Among the list of claims your former employer is likely to sue you for if you take its client or customer list is misappropriation of trade secrets, codified by the Virginia Uniform Trade Secrets Act (VUTSA) at Virginia Code § 59.1-336. Under VUTSA, if the court considers the client list a “trade secret,” you can be held liable for misappropriating it. “Trade secrets” are not limited to secret formulas like the recipe for Coke. VUTSA defines “trade secret” much more broadly, to include “information, including but not limited to a formula, pattern, compilation, program, device, method, technique, or process, that (1) derives independent economic value, actual or potential, from not being generally known to, and not being readily ascertainable by proper means by, other persons who can obtain economic value from its disclosure or use, and (2) is the subject of efforts that are reasonable under the circumstances to maintain its secrecy.”

Client lists often, but not always, fall within that definition. Whether the information will be deemed a trade secret depends on many factors. While some courts will not afford trade-secret protection to the client list, you should assume that the client list qualifies as a trade secret if it is not made available to the general public.

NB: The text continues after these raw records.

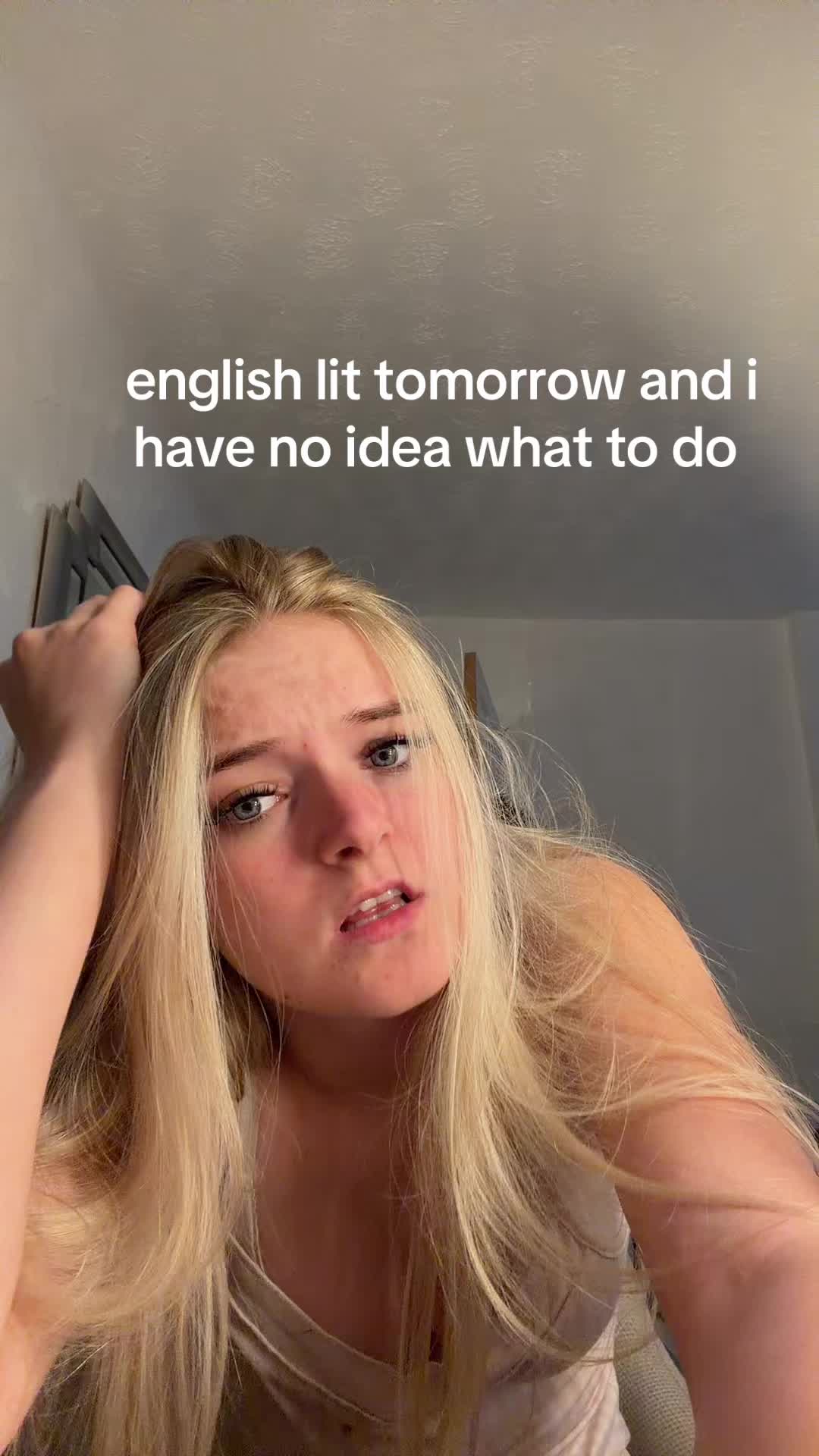 @casey💗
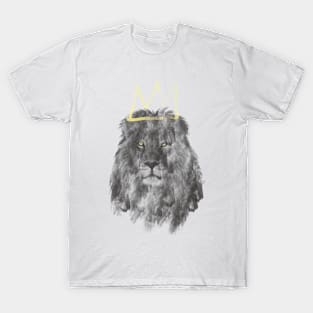 Lion King T-Shirt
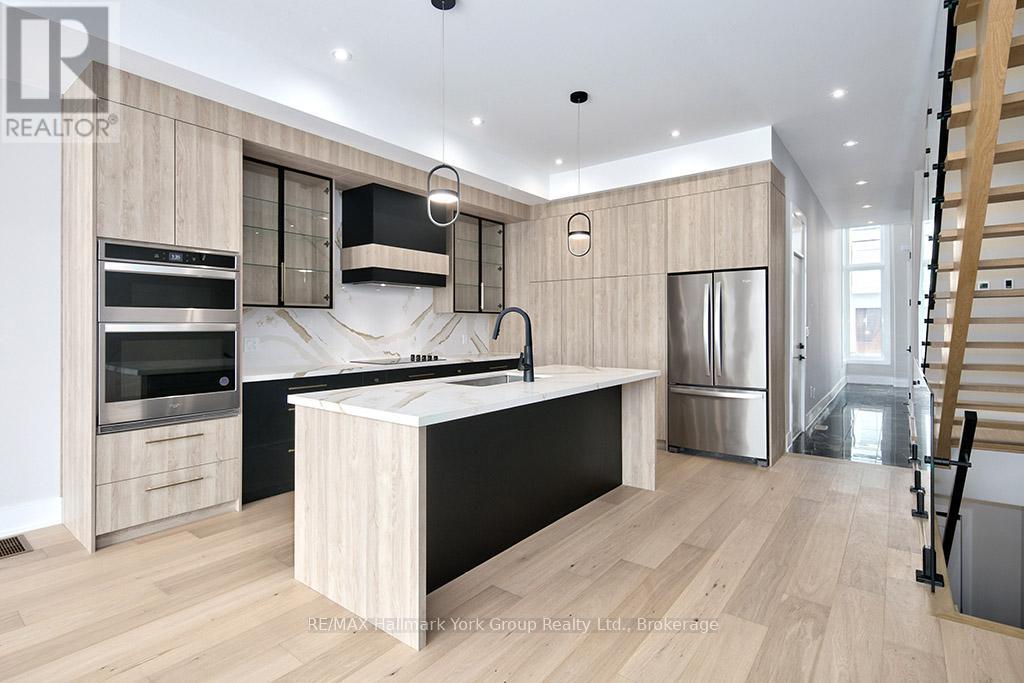 11 Waterview Lane, Blue Mountains, Ontario  N0H 2P0 - Photo 6 - X13004850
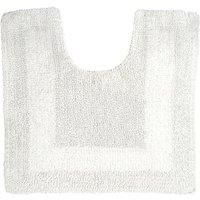 Dunelm Bath and Pedestal Mats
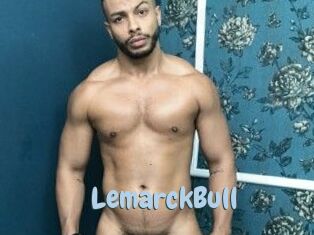 LemarckBull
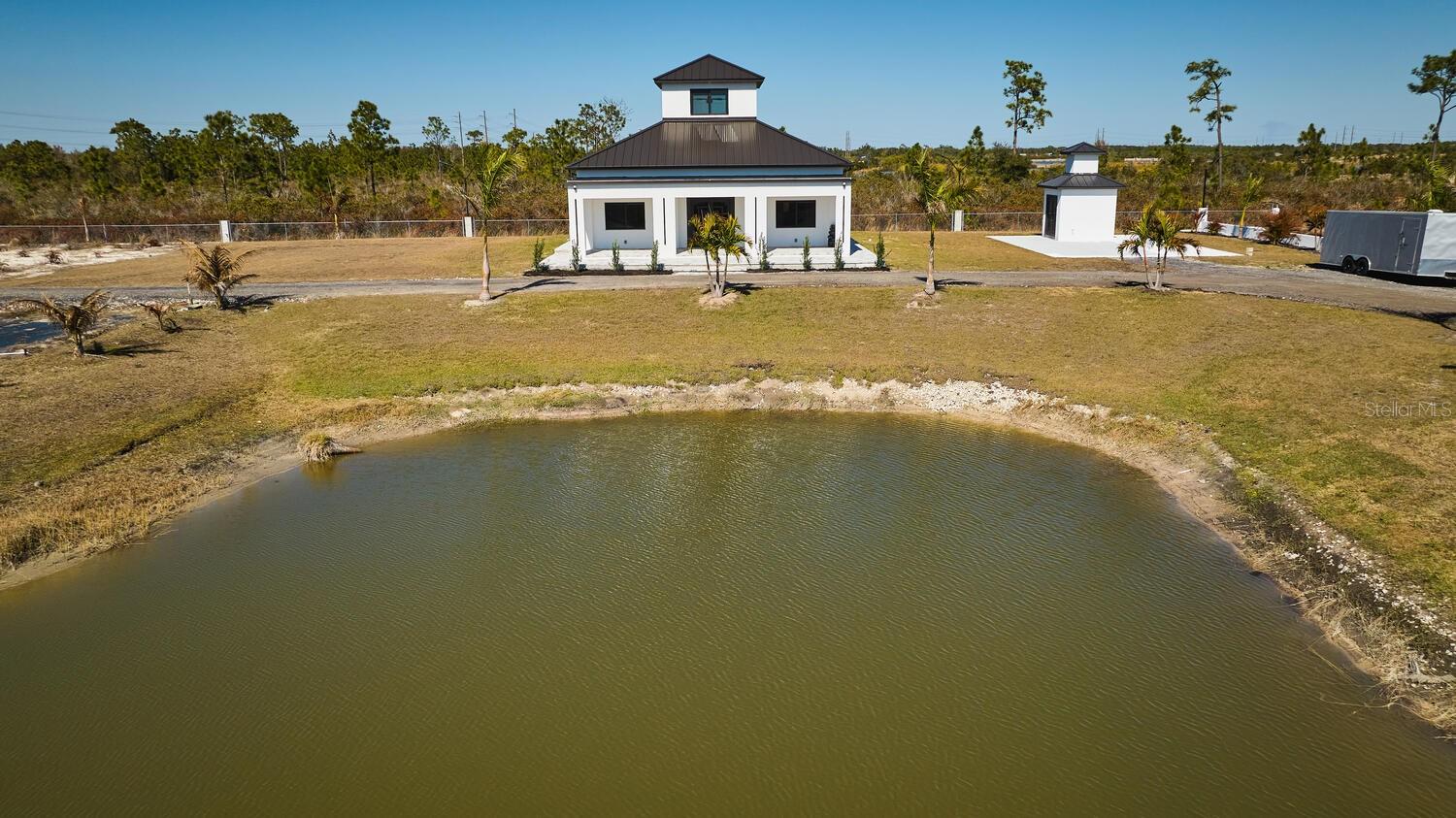 Image 61 of 61 For 30000 Bermont Road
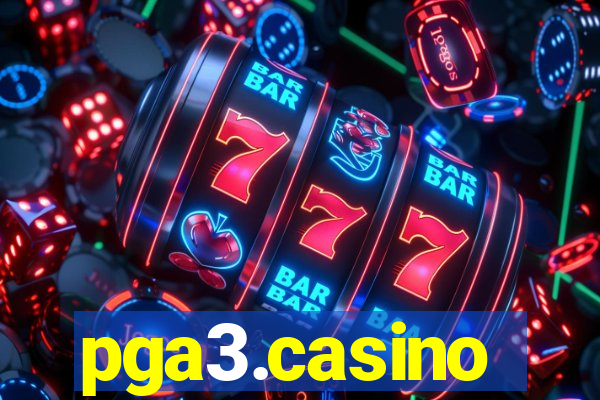 pga3.casino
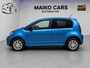 Volkswagen Up! 1.0 BMT move up! NL & NAP km's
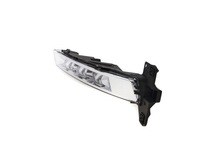 фото thumb №11, Лампа противотуманная do dodge charger 2015-2023 68214427ab левая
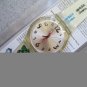 Swatch Beijing Olympics
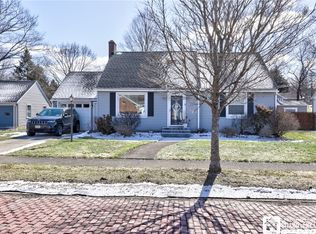 475 Front St, Jamestown, NY 14701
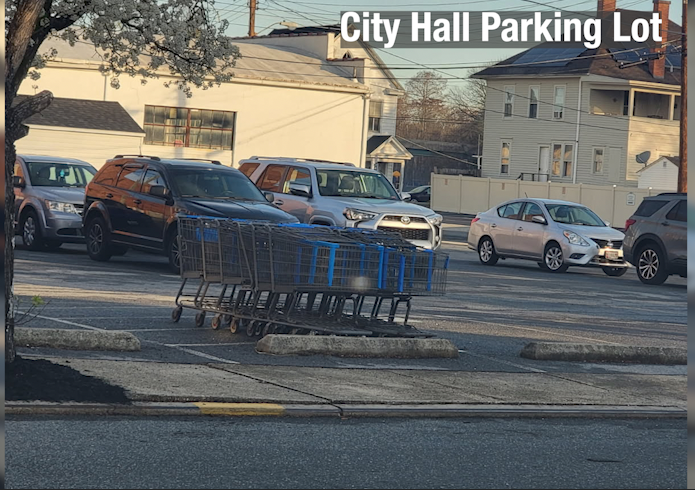 Cartpic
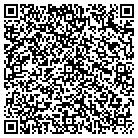 QR code with Enviro Professionals LLC contacts
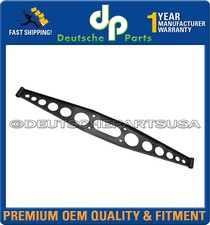 RSR Style Lightweight Engine Carrier Crossmember Support Bracket Porsche 911 930 picture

“Misappropriation” consists of either improper acquisition of a trade secret, or improper disclosure of a trade secret. So, for example, if a former employee uses a computer or computer network without authority (e.g., by logging back into the former employer’s network after the termination of employment) to acquire a client list, a court might view that as misappropriation by improper acquisition. Or, if the employee shares the information with third parties while under a duty to maintain its secrecy, that could give rise to liability for misappropriation by improper disclosure. Misappropriation of a trade secret may even occur by accident or mistake. So take care. Taking your company’s client or customer list without their consent when you know the company has taken steps to maintain the secrecy of such lists is high-risk activity that will likely violate the VUTSA.

If you’ve already moved on, do not log back onto your former employer’s computer or computer system to take the client list or to take any other action. You will likely be deemed to have violated the Virginia Computer Crimes Act (VCCA) at Va. Code § 18.2-152.1-3 et seq. This is computer fraud, people. Don’t do it. Harsh penalties abound for former employees found guilty of poaching information from their former employers to which they had no right. Section 18.2-152.4 of the VCCA also prohibits any person without authority to use a computer or computer network to make “an authorized copy” of “computer data.” Don’t copy the client list from your company-owned laptop, phone, iPad, tablet, or otherwise. It’s not worth the risk.

And if you commit any or all of these violations of Virginia law while you are still an employee, you can bet that your former employer will tack on a claim for breach of fiduciary duty (e.g., the duty of loyalty owed to one’s employer). Three elements must exist for a company to claim breach of fiduciary duty under Virginia law: (1) the existence of a fiduciary duty; (2) breach of that duty; and (3) damages resulting from the breach. An employee, at-will or otherwise, owes a fiduciary duty of loyalty to his or her employer while still employed. An employee’s breach of his fiduciary duty may be shown by alleging the employee misappropriated trade secrets, misused or converted confidential information, or solicited the company’s clients/customers or employees while he or she was still employed.

While this short blog post is not meant to lay out every detail of these torts or describe all situations in which they can arise, it is meant to explain the very real potential consequences of a common misperception. Clients or customers you generated for the company you work for are not yours–they belong to your employer. You can’t take these lists with you without running afoul of several of these torts and exposing yourself to a potential lawsuit. If you are considering leaving your job and have questions about your legal rights and obligations, it’s always a good idea to consult an attorney to help you plan your exit strategy.